About missing socks, we have very few facts. Some say cats steal them to use for backpacks, Or desperate Norwegians willing to risk Prison to steal socks to make lutefisk. But the robbery theories just don’t hold water: Why would they take one and not take the odder?
Socks are independent, studies have shown, And most feel a need for some time alone. Some socks are bitter from contact with feet; Some, seeking holiness, go on retreat; Some need adventure and cannot stay put; Some socks feel useless and just underfoot. But whatever the reason these socks lose control, Each sock has feelings down deep in its sole.
If you wake in the night and hear creaking and scraping, It’s the sound of a sock, bent on escaping.

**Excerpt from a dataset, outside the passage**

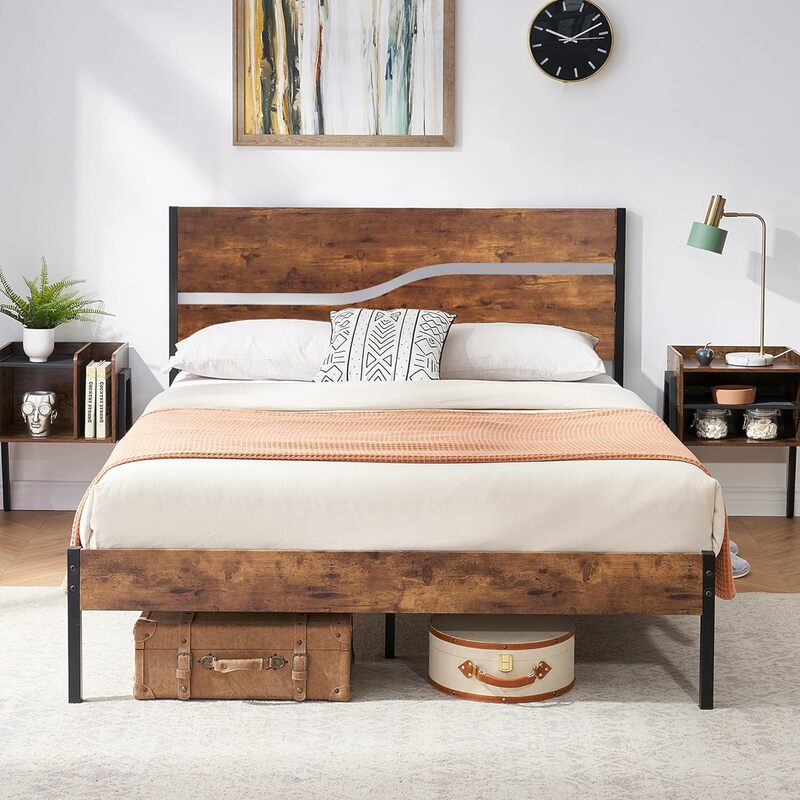 Marco de cama de plataforma/base de colchón grande con cabecero de madera vintage rústico, apoyada por listones de metal resistentes, no requiere resorte de caja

The socks on the floor that you think the kids dropped? They’re socks that went halfway, got tired, and stopped. It might help if, every day, As you don your socks, you take time to say: “Thank you, dear socks, for a job that is thankless. You comfort my feet from tiptoes to ankles, Working in concert, a cotton duet, Keeping them snug and absorbing the sweat, And yet you smell springlike, a regular balm, As in Stravinsky’s Le Sacre du Printemps, And so I bless you with all of my heart And pray that the two of you never shall part. I love you, dear socks, you are socko to me, The most perfect pair that I ever did see.”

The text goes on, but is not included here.